Under the hood

Now that you know what Varnish does, and how powerful this piece of software is, it’s time to take a look behind the curtain. The raw power of Varnish is the direct consequence of an architecture that doesn’t compromise when it comes to performance.

This section is very technical, and covers some concepts that will be clarified later in the book. However, it is useful to talk about some of the internals of Varnish right now, because it will give you a better understanding when we cover the concepts in details.

This applies to runtime parameters, default behavior, and the impact of certain VCL changes.

Let’s start at the beginning.

When the varnishd program is executed, it starts one additional process resulting in:

The manager process
The child process

In varnishd there is separation of privileges, where actions that require privileged access to the operating system are run in the manager process.
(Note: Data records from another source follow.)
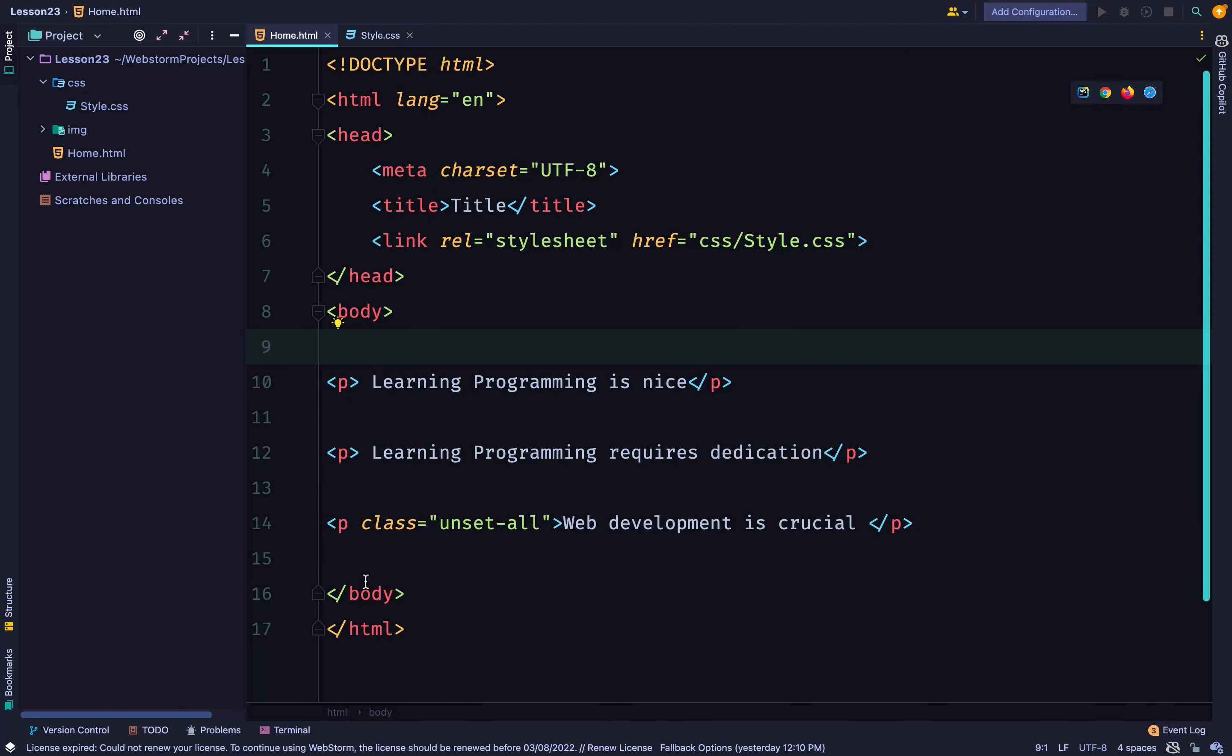Now, we have three paragraphs here. The first two are just left as default. So normally, the CSS selector for paragraph will apply to them.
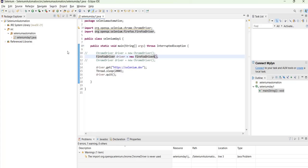Driver.get - so get is the method used to launch any or if you want to go to any specific website, then this get method should be used. Okay.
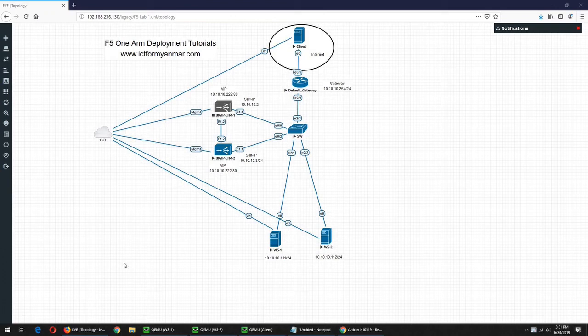Hello, here is the F5 BIG-IP LTM deployment of the 3.5 series.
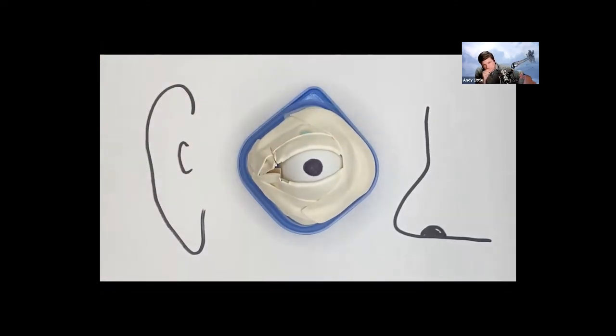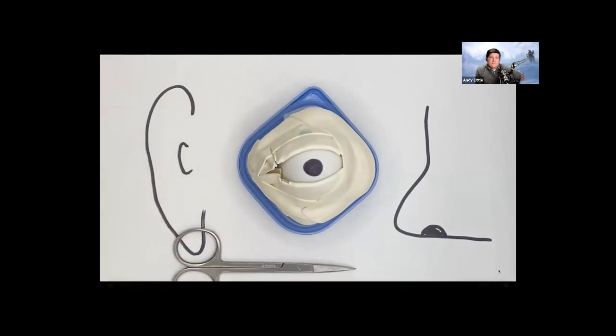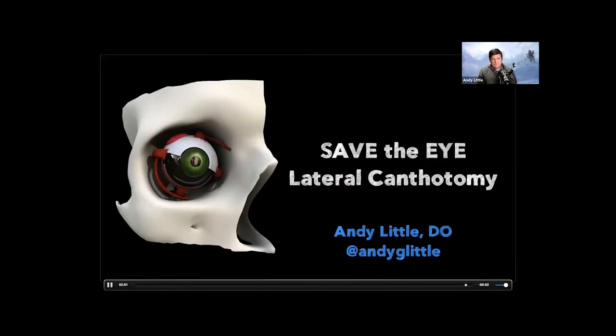Remember, this is a procedure that as you do it, ophthalmology should be en route, as the patient will need definitive eye surgery after this procedure. But again, I hope this quick video and using this model makes you feel more comfortable when performing your lateral canthotomy.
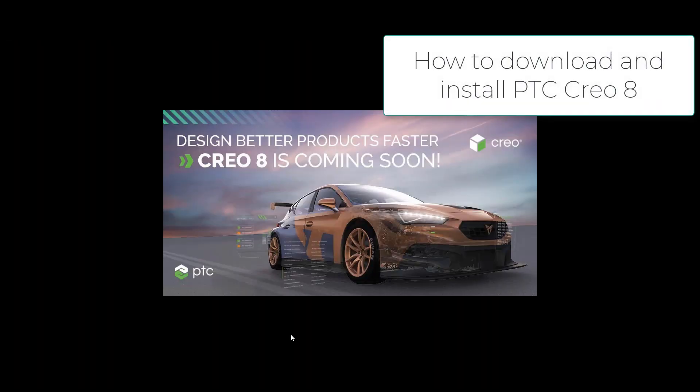Hi folks, in today's video tutorial I'm going to show you how to install and download Creo 8 on your computer.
All other actions run in a separate child process.

The manager process

Because of its privileged access to the operating system, the manager process will only perform actions that require this access, and leave all other tasks to the child process.

The manager process is responsible for opening up sockets, and binding them to a selected endpoint.

If you configured varnishd to listen for incoming connections on port 80, which is a privileged port, this is processed by the manager process with elevated privileges. However, the manager process will not handle any data that is sent on this socket. Listening on that socket, accepting new connections, and reading incoming data is the responsibility of the child process.

The manager process will also make sure that the child process is responsive. It continuously pings the child process, and if the child process should become unresponsive or die unexpectedly, the manager process will tear down the old and start a new one.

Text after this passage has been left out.